Date: Sun, 21 Jun 2020 12:11:50 +0200	[thread overview]
Message-ID: <c51f207e-d4c3-0d24-a242-74da86d22cca@applied-asynchrony.com> (raw)
In-Reply-To: <24303.11806.371890.563490@tux.local>

On 2020-06-21 11:53, Dr Rainer Woitok wrote:
> Greetings,
> 
> is there any difference between running "emerge --jobs=1 ..."  and runn-
> ing "MAKEOPTS=-j1 emerge ..."?

--jobs=1 starts one package build at a time, possibly using many parallel
processes - depending on MAKEOPTS and how the build works.

MAKEOPTS sets the number of parallel processes within one package build.

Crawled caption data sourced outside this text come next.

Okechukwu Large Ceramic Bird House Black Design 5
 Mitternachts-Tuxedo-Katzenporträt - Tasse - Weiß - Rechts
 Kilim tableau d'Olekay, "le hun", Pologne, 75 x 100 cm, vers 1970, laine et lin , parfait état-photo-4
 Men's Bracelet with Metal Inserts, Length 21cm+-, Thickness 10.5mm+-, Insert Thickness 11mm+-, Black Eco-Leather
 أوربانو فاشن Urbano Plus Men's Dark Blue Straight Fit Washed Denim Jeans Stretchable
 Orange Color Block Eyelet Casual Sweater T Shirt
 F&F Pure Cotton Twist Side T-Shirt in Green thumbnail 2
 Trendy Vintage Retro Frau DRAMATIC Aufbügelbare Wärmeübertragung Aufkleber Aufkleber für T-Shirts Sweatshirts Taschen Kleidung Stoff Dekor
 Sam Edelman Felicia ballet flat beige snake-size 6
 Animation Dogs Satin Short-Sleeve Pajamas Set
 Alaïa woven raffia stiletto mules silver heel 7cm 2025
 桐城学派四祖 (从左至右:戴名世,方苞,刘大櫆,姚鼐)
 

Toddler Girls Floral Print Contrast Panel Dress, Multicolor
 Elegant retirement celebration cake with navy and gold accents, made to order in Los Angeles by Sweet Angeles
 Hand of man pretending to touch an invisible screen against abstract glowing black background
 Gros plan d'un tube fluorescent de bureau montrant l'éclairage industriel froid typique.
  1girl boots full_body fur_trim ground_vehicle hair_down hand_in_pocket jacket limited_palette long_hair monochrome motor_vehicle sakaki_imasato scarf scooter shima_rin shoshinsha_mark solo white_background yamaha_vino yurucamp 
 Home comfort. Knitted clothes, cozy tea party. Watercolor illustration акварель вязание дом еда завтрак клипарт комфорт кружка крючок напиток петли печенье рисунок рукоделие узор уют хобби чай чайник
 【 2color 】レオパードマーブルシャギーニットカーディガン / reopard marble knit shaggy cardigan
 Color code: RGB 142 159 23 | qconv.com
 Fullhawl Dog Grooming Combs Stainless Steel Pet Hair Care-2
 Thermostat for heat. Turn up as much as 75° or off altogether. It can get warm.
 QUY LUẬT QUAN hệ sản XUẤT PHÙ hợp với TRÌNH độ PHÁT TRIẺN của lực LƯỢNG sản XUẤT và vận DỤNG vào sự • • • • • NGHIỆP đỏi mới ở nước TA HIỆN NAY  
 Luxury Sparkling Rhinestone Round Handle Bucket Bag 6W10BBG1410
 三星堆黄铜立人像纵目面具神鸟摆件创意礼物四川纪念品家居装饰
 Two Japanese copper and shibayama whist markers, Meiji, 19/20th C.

They are complementary, and you can combine them. However frequently
a series of packages have dependencies (a before b before c), so starting
multiple --jobs may not have any effect. Or it may, e.g. in the case of
rebuilds or independent packages that often only use one process to build,
e.g. perl modules or something smaller. --jobs can really make a difference
since otherwise you would suffer from portage/script/shell overhead relative
to the actual work being performed.

make offers the -l parameter that constrains the number of processes by
load, and adjusts them accordingly. As an example, with 8 cores you could
use MAKEOPTS="-j8 -l8" to enable inter-ebuild parallelism and a max. load
for one package, then start several --jobs to build independent packages
without waiting for each other.

Hope this helps.

-h


  reply	other threads:[~2020-06-21 10:12 UTC|newest]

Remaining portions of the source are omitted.